В конкретном случае все складывалось иначе. Отец был натурой необычайно одаренной, очень восприимчивой, и годы его жизни с моей матерью серьезно меняли его, исподволь, незаметно, но достаточно твердо и решительно она как бы лепила этот характер: уходило случайное, наносное, а он, думаю, и не отдавал себе в этом отчета. Во всяком случае он и нравственно прошел большой путь от того, кем был в скромном домике на окраине Минска, где гремел зычный голос Самуила Фридлянда (черного дедушки, как его называли в семье, в отличие от дедушки беленького – маминого отца: по бородам – черной и белой). Черный дедушка, умерший в 1931 году, судя по рассказам, был человек крутой, необразованный (запятые ставил на всякий случай, после каждого слова), по-своему неглупый. Он гнул руками подковы, любил этим хвастаться, безраздельно господствовал в своем доме, люто ругался со старшим сыном – моим отцом, норовом пошедшим в него, гордился им, был невероятно счастлив, когда портреты его трех детей появились на стенах минского Музея Революции, тиранил жену – мою бабушку, которую мне посчастливилось застать, рано овдовевшую, натерпевшуюся сначала от мужа, а потом от необузданных характеров своих детей, проводившую их одного за другим – всех троих (а также зятя и невестку) – в тюрьму и сохранившую несмотря ни на что в глубокой старости ясную голову, юмор и доброту.

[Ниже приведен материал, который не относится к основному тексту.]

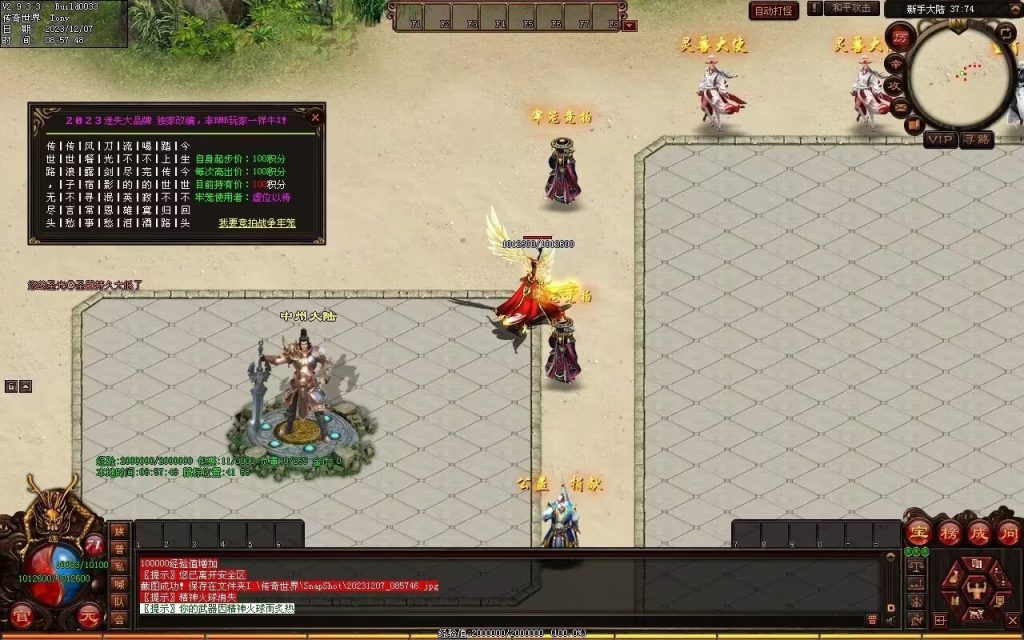 图片[121]-帝尊夜魔迷失-自动拾取回收挂机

Отцу не исполнилось сорока лет в 1936 году, стремительность, с которой он работал, так или иначе, но соприкасалась с самыми жгучими проблемами времени, жадность, с которой он жил, стараясь успеть побольше, не только не мешала, она несомненно способствовала совершенствованию его личности. Интеллигент в первом поколении (мой дед – потомственный рабочий-щетинщик, когда-то бастовал за копейку – классическое рабочее требование), он был щедро наделен природой, готов к своей роли, а на первых порах и время работало на него. Он успел очень много, только начинал – все еще было впереди.

Но времени уже не оставалось.

Напряженность атмосферы в нашем доме в самые последние годы мог бы почувствовать и посторонний, только зашедший в дом. Причины этой напряженности, разумеется, не были только субъективными или, как теперь говорят, «личными». Хотя и это сказывалось. Отец был моложе мамы, их ссоры, о причине которых я узнавал постепенно и много позже, очевидно, и создавали нервозность. Было много романов и просто связей, были громкие истории и что-то еще. Но все разбивалось о порог дома, и в наши комнаты долетали лишь отголоски того, что где-то там происходило.

Мама не выдержала под самый конец, недели за две до ареста отца: после очередного скандала, не сказав ему ни слова, отправилась в загс, чтоб оформить невыносимое ей положение (в ту пору это было просто). А через неделю, когда все забылось и они мирно пили утром чай, почтальон принес официальное извещение о том, что они больше не муж и жена. Отец пришел в ярость, он никак этого не ожидал, и решительность матери его, очевидно, напугала. Во всяком случае последняя неделя прошла покойно…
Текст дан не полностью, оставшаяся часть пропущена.